But since 1996, the CDC has largely had its hands tied when it comes to dealing with gun violence. The so-called Dickey Amendment passed that year, with NRA backing, said that the CDC’s injury center could not use federal funds “to promote or advocate gun control.” That was followed by Congress’ taking away the money that the CDC had been using for research into gun violence. While the Dickey Amendment wasn’t, strictly speaking, a ban on gun research, the CDC got the message. With almost no money available anyway, the CDC dropped research on gun violence.

We support scientific research on so many other threats, but we continue to recycle the same old arguments about guns, based often on emotion and misconceptions about what many people on the “other side” really believe. How much better it would be to get answers based on scientific research about the causes of gun violence, which approaches would actually work to reduce it, and what we can learn from the experience of other countries.

Democrats have long called for lifting restrictions on the CDC. In the wake of the Parkland shooting, some Republicans in Washington are showing signs that they might be willing to relent. Rep. Mark Walker (R-Greensboro), for one, has been quoted as saying he doesn’t “have a problem with anyone researching any segment of society” and would have a problem with blocking research.

The NRA has tended to treat any talk of research into gun violence as a threat to gun rights. That shouldn’t be the case. Skilled scientific researchers should be able to find ways to reduce the violence without jeopardizing sensible Second Amendment rights. Let’s let them get to work.”

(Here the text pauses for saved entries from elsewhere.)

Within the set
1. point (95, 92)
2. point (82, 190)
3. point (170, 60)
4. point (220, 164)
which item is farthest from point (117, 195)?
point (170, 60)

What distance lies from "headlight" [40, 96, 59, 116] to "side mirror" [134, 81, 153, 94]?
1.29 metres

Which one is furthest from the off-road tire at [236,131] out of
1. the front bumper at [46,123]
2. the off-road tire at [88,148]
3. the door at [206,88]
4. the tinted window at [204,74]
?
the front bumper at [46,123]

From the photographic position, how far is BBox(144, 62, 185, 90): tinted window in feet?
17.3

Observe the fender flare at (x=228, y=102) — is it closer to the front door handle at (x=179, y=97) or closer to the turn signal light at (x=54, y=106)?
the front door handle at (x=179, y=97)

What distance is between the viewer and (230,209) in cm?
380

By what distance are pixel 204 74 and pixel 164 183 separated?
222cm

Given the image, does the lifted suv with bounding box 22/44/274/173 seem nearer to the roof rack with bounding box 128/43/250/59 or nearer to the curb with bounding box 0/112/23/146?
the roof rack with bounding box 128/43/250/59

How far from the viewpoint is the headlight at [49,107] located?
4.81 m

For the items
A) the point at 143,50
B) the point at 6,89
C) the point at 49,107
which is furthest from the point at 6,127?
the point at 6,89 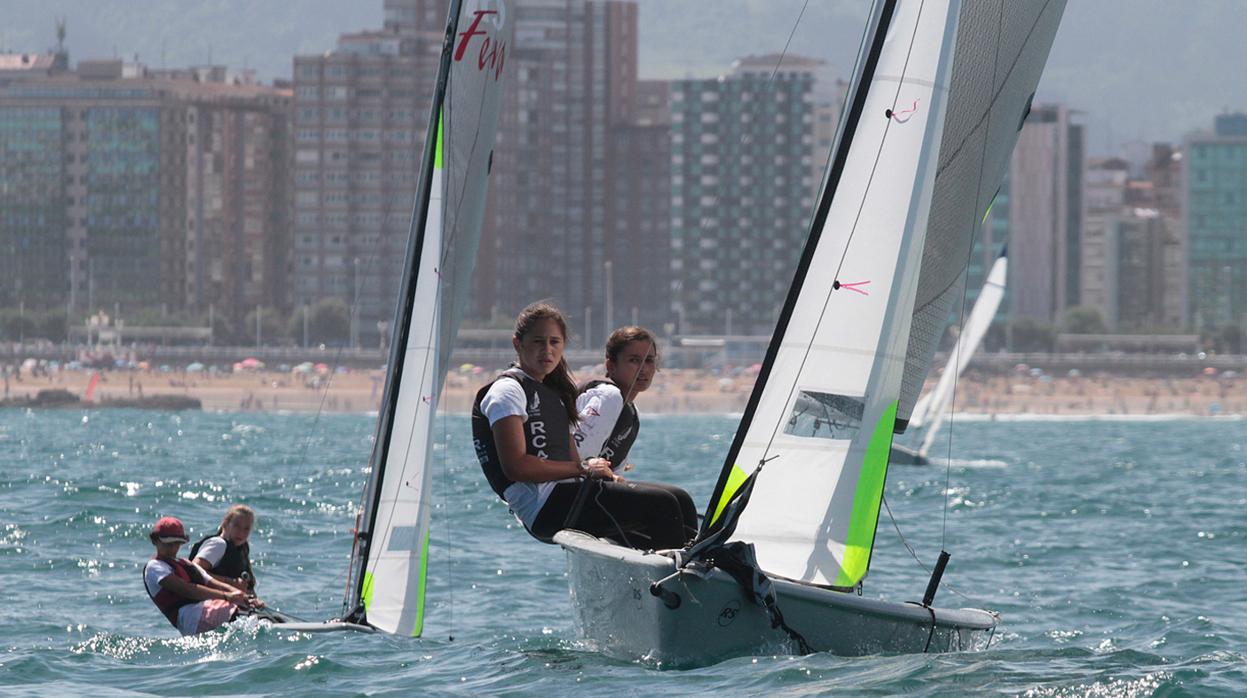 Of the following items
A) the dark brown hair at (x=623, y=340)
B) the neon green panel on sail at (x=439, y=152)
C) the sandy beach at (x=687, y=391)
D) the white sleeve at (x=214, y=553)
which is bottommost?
the sandy beach at (x=687, y=391)

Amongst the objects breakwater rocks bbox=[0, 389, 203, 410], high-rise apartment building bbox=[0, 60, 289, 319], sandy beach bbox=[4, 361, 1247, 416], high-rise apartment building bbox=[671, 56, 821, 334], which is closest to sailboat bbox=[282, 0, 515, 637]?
sandy beach bbox=[4, 361, 1247, 416]

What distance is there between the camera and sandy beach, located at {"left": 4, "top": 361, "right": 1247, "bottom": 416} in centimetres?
9031

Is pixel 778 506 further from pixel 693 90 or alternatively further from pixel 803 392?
pixel 693 90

The only thing wrong with the editorial is its gentle description of the NRA’s opposition to research. The NRA hasn’t just “tended” to oppose research, it has forcefully and relentlessly opposed it. As Congressman David Price told Policy Watch a few weeks back after the Parkland, Florida shooting, he’s been trying for years to reinstate CDC research, but gets beaten back every year by NRA-owned members of Congress. Let’s hope cracks are starting form in this irrational opposition, but, given the NRA’s past destructive and murderous record, don’t hold your breath.